Under the Gramm-Leach-Bliley Act, which was enacted in 2000, securities firms and insurance companies that elect to become financial holding companies may acquire banks and other financial institutions. This may significantly change the competitive environment in which the Company and the Banks conduct business. The financial services industry is also likely to become more competitive as further technological advances enable more companies to provide financial services. These technological advances may diminish the importance of depository institutions and other financial intermediaries in the transfer of funds between parties.
Old Second Mortgage faces vigorous competition in its retail operations. Competition for its retail products is principally based on location, convenience, service, quality, reputation and price. Within its retail mortgage banking market, there are approximately four large banks, two national mortgage bankers, and a number of small or mid-sized brokerage operations.
Employees
At December 31, 2002, the Company employed 518 full-time equivalent employees. The Company places a high priority on staff development, which involves extensive training, including customer service training. New employees are selected on the basis of both technical skills and customer service capabilities. None of the Companys employees are covered by a collective bargaining agreement with the Company.
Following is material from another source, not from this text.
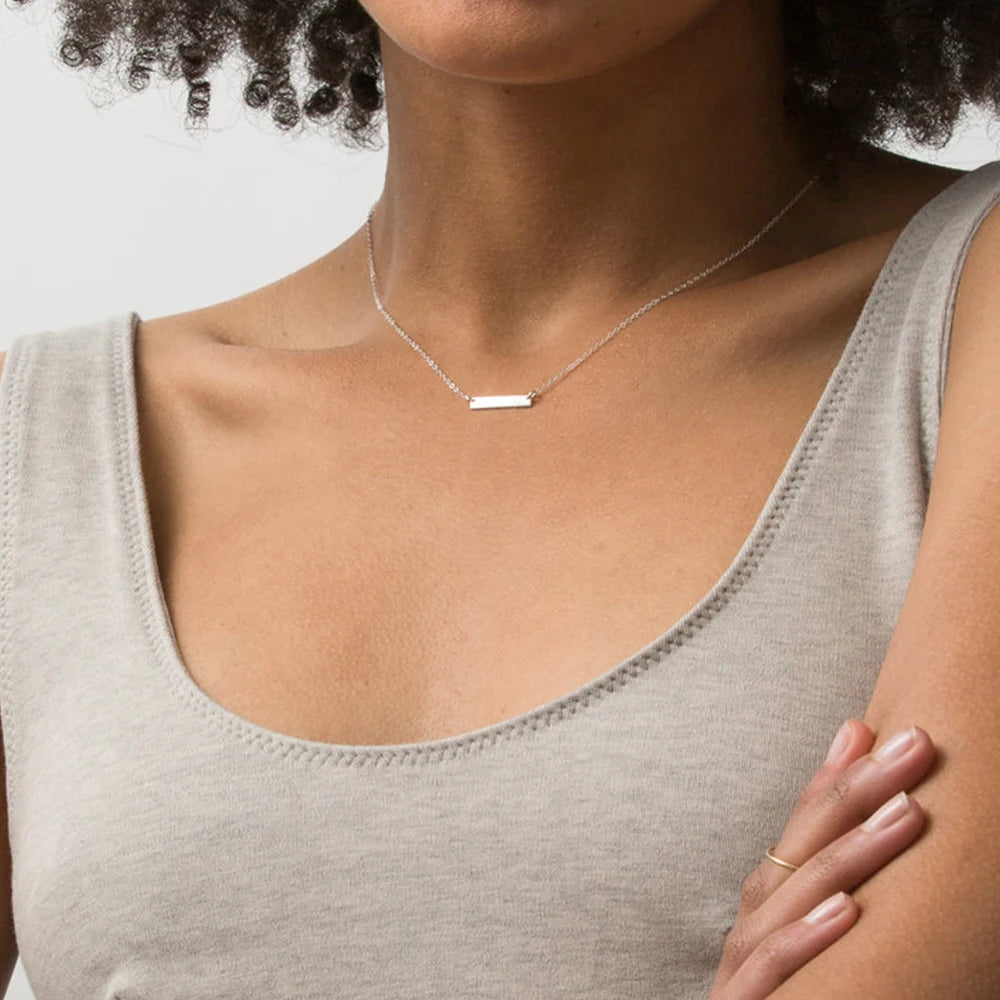 Penelope Minimalist Chokers Stainless Steel Necklace Dainty Gold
The Company offers a variety of employee benefits and management considers its employee relations to be excellent.
Financial institutions, their holding companies and their affiliates are extensively regulated under federal and state law. As a result, the growth and earnings performance of the Company may be affected not only by management decisions and general economic conditions, but also by the requirements of federal and state statutes and by the regulations and policies of various bank regulatory authorities, including the Illinois Commissioner of Banks and Real Estate (the Commissioner), the Office of the Comptroller of the Currency (the OCC), the Board of Governors of the Federal Reserve System (the Federal Reserve) and the Federal Deposit Insurance Corporation (the FDIC). Furthermore, taxation laws administered by the Internal Revenue Service and state taxing authorities and securities laws administered by the Securities and Exchange Commission (the SEC) and state securities authorities have an impact on the business of the Company. The effect of these statutes, regulations and regulatory policies may be significant, and cannot be predicted with a high degree of certainty.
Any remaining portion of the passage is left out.